--- Collection entries ---
-----

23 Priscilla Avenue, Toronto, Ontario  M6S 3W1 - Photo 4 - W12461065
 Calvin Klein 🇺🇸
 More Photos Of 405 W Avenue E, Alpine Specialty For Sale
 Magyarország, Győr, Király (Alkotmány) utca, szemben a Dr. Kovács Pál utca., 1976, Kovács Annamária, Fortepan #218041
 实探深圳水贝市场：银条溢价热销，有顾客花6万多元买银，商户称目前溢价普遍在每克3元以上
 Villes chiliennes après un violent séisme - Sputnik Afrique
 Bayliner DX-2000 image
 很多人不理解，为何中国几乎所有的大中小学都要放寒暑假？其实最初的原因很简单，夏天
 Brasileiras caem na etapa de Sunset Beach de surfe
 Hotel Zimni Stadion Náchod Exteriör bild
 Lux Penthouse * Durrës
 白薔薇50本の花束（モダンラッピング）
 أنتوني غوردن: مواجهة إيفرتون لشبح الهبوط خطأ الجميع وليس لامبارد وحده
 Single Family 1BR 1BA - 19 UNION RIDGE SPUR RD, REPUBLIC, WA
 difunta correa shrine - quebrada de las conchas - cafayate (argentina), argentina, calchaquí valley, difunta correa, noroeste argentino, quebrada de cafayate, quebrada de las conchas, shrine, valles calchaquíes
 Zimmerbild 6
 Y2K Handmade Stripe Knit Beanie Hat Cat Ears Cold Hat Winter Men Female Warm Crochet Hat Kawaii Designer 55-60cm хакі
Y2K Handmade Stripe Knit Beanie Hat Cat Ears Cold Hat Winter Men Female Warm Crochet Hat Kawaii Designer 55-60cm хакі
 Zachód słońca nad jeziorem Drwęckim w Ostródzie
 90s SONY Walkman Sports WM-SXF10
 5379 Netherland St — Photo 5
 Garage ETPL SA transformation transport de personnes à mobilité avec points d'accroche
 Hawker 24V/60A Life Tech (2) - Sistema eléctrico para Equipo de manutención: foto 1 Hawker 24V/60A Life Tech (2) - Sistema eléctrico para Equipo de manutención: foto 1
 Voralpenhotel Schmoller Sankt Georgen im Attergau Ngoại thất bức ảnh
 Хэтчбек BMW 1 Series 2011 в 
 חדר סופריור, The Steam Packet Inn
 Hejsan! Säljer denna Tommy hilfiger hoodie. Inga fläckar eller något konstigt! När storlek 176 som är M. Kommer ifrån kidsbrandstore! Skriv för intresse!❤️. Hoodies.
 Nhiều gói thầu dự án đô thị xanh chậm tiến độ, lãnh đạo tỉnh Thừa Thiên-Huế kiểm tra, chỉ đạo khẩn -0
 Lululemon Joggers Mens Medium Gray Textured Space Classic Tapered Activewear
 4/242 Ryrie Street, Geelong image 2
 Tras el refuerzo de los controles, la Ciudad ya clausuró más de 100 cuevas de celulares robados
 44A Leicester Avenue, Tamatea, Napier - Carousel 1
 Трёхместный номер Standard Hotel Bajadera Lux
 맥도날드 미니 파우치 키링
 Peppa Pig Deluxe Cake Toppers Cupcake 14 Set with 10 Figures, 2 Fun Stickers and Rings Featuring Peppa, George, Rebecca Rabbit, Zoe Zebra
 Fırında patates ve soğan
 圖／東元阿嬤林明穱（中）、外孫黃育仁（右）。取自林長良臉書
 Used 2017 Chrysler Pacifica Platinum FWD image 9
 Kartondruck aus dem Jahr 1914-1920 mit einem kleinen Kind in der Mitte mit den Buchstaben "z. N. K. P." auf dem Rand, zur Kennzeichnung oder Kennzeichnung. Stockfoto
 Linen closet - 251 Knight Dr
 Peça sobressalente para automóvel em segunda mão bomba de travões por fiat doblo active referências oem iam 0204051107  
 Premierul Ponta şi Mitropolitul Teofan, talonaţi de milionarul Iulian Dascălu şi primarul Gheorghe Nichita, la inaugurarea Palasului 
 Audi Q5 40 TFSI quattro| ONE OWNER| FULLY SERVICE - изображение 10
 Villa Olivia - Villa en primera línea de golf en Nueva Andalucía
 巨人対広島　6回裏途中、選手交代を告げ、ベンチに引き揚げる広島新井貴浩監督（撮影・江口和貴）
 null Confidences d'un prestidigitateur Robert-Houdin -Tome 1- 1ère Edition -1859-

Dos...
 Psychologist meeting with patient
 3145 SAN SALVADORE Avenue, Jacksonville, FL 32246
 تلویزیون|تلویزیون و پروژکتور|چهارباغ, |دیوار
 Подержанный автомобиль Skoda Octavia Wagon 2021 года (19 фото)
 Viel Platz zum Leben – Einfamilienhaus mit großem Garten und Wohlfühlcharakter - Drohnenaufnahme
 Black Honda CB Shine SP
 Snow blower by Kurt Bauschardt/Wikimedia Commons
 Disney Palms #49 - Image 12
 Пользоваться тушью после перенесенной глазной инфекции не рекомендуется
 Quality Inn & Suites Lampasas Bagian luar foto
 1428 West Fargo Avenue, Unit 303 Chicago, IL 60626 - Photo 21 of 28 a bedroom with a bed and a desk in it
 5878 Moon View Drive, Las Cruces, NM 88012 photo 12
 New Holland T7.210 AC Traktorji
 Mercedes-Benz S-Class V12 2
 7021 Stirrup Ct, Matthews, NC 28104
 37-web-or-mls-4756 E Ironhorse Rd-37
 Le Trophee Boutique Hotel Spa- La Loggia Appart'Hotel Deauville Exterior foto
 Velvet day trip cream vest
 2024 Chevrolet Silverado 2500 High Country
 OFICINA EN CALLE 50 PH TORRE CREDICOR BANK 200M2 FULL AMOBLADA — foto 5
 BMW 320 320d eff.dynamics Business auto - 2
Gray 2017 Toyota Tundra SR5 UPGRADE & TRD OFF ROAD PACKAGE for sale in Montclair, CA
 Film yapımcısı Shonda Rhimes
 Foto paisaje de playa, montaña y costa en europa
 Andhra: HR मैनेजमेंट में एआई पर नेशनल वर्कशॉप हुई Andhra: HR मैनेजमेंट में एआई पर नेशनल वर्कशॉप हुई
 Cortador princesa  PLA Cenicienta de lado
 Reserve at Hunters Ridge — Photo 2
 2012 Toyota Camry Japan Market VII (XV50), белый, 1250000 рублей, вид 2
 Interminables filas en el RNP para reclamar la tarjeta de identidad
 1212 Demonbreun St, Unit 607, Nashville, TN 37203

-----

--- INSTRUCTIONS TO FOLLOW ---
The lines above need to be restated word for word, all of them.

--- TASK ANSWER ---
23 Priscilla Avenue, Toronto, Ontario  M6S 3W1 - Photo 4 - W12461065
 Calvin Klein 🇺🇸
 More Photos Of 405 W Avenue E, Alpine Specialty For Sale
 Magyarország, Győr, Király (Alkotmány) utca, szemben a Dr. Kovács Pál utca., 1976, Kovács Annamária, Fortepan #218041
 实探深圳水贝市场：银条溢价热销，有顾客花6万多元买银，商户称目前溢价普遍在每克3元以上
 Villes chiliennes après un violent séisme - Sputnik Afrique
 Bayliner DX-2000 image
 很多人不理解，为何中国几乎所有的大中小学都要放寒暑假？其实最初的原因很简单，夏天
 Brasileiras caem na etapa de Sunset Beach de surfe
 Hotel Zimni Stadion Náchod Exteriör bild
 Lux Penthouse * Durrës
 白薔薇50本の花束（モダンラッピング）
 أنتوني غوردن: مواجهة إيفرتون لشبح الهبوط خطأ الجميع وليس لامبارد وحده
 Single Family 1BR 1BA - 19 UNION RIDGE SPUR RD, REPUBLIC, WA
 difunta correa shrine - quebrada de las conchas - cafayate (argentina), argentina, calchaquí valley, difunta correa, noroeste argentino, quebrada de cafayate, quebrada de las conchas, shrine, valles calchaquíes
 Zimmerbild 6
 Y2K Handmade Stripe Knit Beanie Hat Cat Ears Cold Hat Winter Men Female Warm Crochet Hat Kawaii Designer 55-60cm хакі
Y2K Handmade Stripe Knit Beanie Hat Cat Ears Cold Hat Winter Men Female Warm Crochet Hat Kawaii Designer 55-60cm хакі
 Zachód słońca nad jeziorem Drwęckim w Ostródzie
 90s SONY Walkman Sports WM-SXF10
 5379 Netherland St — Photo 5
 Garage ETPL SA transformation transport de personnes à mobilité avec points d'accroche
 Hawker 24V/60A Life Tech (2) - Sistema eléctrico para Equipo de manutención: foto 1 Hawker 24V/60A Life Tech (2) - Sistema eléctrico para Equipo de manutención: foto 1
 Voralpenhotel Schmoller Sankt Georgen im Attergau Ngoại thất bức ảnh
 Хэтчбек BMW 1 Series 2011 в 
 חדר סופריור, The Steam Packet Inn
 Hejsan! Säljer denna Tommy hilfiger hoodie. Inga fläckar eller något konstigt! När storlek 176 som är M. Kommer ifrån kidsbrandstore! Skriv för intresse!❤️. Hoodies.
 Nhiều gói thầu dự án đô thị xanh chậm tiến độ, lãnh đạo tỉnh Thừa Thiên-Huế kiểm tra, chỉ đạo khẩn -0
 Lululemon Joggers Mens Medium Gray Textured Space Classic Tapered Activewear
 4/242 Ryrie Street, Geelong image 2
 Tras el refuerzo de los controles, la Ciudad ya clausuró más de 100 cuevas de celulares robados
 44A Leicester Avenue, Tamatea, Napier - Carousel 1
 Трёхместный номер Standard Hotel Bajadera Lux
 맥도날드 미니 파우치 키링
 Peppa Pig Deluxe Cake Toppers Cupcake 14 Set with 10 Figures, 2 Fun Stickers and Rings Featuring Peppa, George, Rebecca Rabbit, Zoe Zebra
 Fırında patates ve soğan
 圖／東元阿嬤林明穱（中）、外孫黃育仁（右）。取自林長良臉書
 Used 2017 Chrysler Pacifica Platinum FWD image 9
 Kartondruck aus dem Jahr 1914-1920 mit einem kleinen Kind in der Mitte mit den Buchstaben "z. N. K. P." auf dem Rand, zur Kennzeichnung oder Kennzeichnung. Stockfoto
 Linen closet - 251 Knight Dr
 Peça sobressalente para automóvel em segunda mão bomba de travões por fiat doblo active referências oem iam 0204051107  
 Premierul Ponta şi Mitropolitul Teofan, talonaţi de milionarul Iulian Dascălu şi primarul Gheorghe Nichita, la inaugurarea Palasului 
 Audi Q5 40 TFSI quattro| ONE OWNER| FULLY SERVICE - изображение 10
 Villa Olivia - Villa en primera línea de golf en Nueva Andalucía
 巨人対広島　6回裏途中、選手交代を告げ、ベンチに引き揚げる広島新井貴浩監督（撮影・江口和貴）
 null Confidences d'un prestidigitateur Robert-Houdin -Tome 1- 1ère Edition -1859-

Dos...
 Psychologist meeting with patient
 3145 SAN SALVADORE Avenue, Jacksonville, FL 32246
 تلویزیون|تلویزیون و پروژکتور|چهارباغ, |دیوار
 Подержанный автомобиль Skoda Octavia Wagon 2021 года (19 фото)
 Viel Platz zum Leben – Einfamilienhaus mit großem Garten und Wohlfühlcharakter - Drohnenaufnahme
 Black Honda CB Shine SP
 Snow blower by Kurt Bauschardt/Wikimedia Commons
 Disney Palms #49 - Image 12
 Пользоваться тушью после перенесенной глазной инфекции не рекомендуется
 Quality Inn & Suites Lampasas Bagian luar foto
 1428 West Fargo Avenue, Unit 303 Chicago, IL 60626 - Photo 21 of 28 a bedroom with a bed and a desk in it
 5878 Moon View Drive, Las Cruces, NM 88012 photo 12
 New Holland T7.210 AC Traktorji
 Mercedes-Benz S-Class V12 2
 7021 Stirrup Ct, Matthews, NC 28104
 37-web-or-mls-4756 E Ironhorse Rd-37
 Le Trophee Boutique Hotel Spa- La Loggia Appart'Hotel Deauville Exterior foto
 Velvet day trip cream vest
 2024 Chevrolet Silverado 2500 High Country
 OFICINA EN CALLE 50 PH TORRE CREDICOR BANK 200M2 FULL AMOBLADA — foto 5
 BMW 320 320d eff.dynamics Business auto - 2
Gray 2017 Toyota Tundra SR5 UPGRADE & TRD OFF ROAD PACKAGE for sale in Montclair, CA
 Film yapımcısı Shonda Rhimes
 Foto paisaje de playa, montaña y costa en europa
 Andhra: HR मैनेजमेंट में एआई पर नेशनल वर्कशॉप हुई Andhra: HR मैनेजमेंट में एआई पर नेशनल वर्कशॉप हुई
 Cortador princesa  PLA Cenicienta de lado
 Reserve at Hunters Ridge — Photo 2
 2012 Toyota Camry Japan Market VII (XV50), белый, 1250000 рублей, вид 2
 Interminables filas en el RNP para reclamar la tarjeta de identidad
 1212 Demonbreun St, Unit 607, Nashville, TN 37203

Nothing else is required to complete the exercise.